SpansTreeScorer multiplies the slop factor for nested near queries at each level. Alternatively a minimum distance could be passed down. This would need to change recordMatch(float slopFactor) to recordMatch(int minDistance). Would minDistance make sense, or is there a better distance?

What is a good way to test whether the score values from SpansTreeQuery actually improve on the score values from the current SpanScorer?

There are no tests for SpanFirstQuery/SpanContainingQuery/SpanWithinQuery. These tests are not there because these queries provide FilterSpans and that is already supported for SpanNotQuery.

The explain() method is not implemented for SpansTreeQuery. This should be doable with an explain() method added to SpansTreeScorer to provide the explanations.

There is no support for PayloadSpanQuery. PayloadSpanQuery is not in here because it is not in the core module.
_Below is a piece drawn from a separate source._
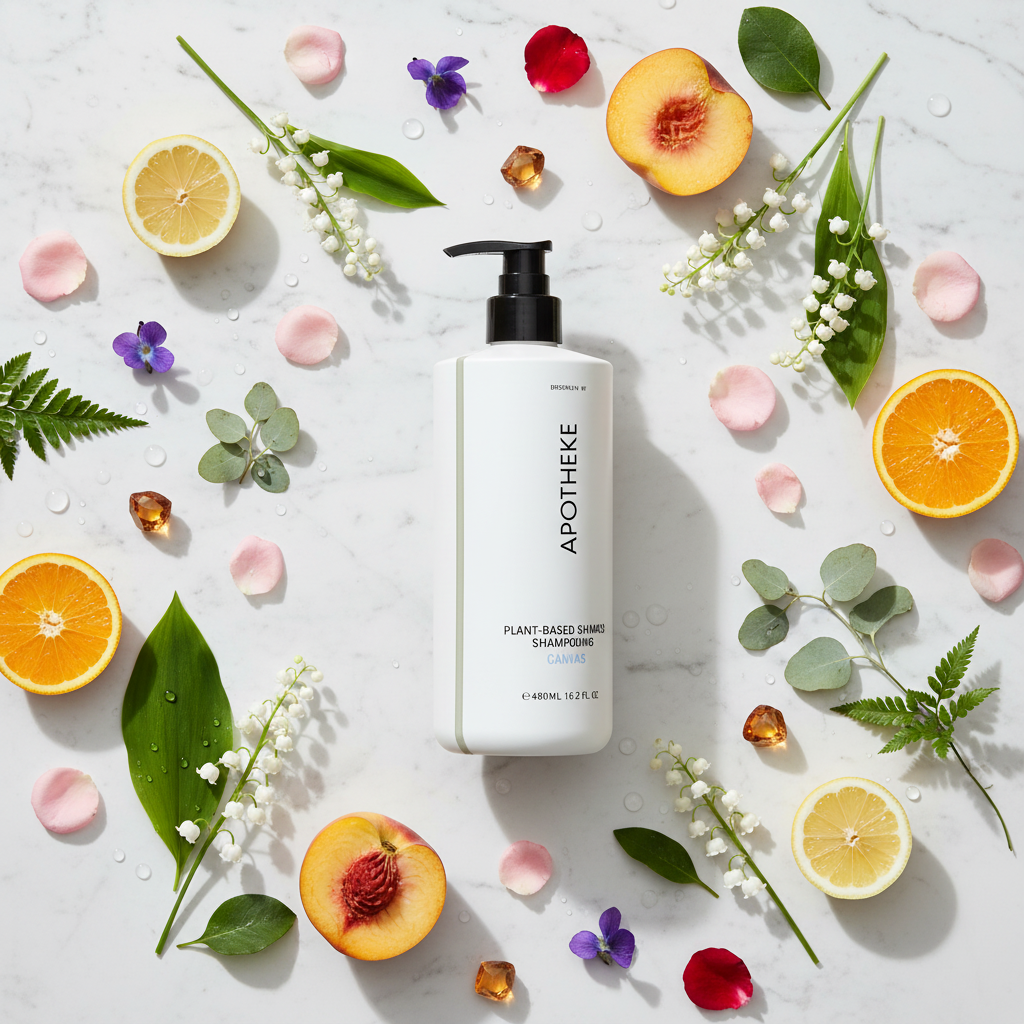 Apotheke Canvas hotel shampoo 480ml flat lay on white marble with lily of the valley rose violet citrus peach amber scent elements — luxury plant-based hair care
I think it can fit here in because PayloadSpanQuery also scores per matching term occurrence. Then Spans.doStartCurrentDoc() and Spans.doCurrentSpans() could be removed.

In case this is acceptable as a good way to score Spans: Spans.width() and Scorer.freq() and SpansDocScorer.docMatchFreq() might be removed. Would it make sense to implement child Scorers in the tree of SpansDocScorer objects?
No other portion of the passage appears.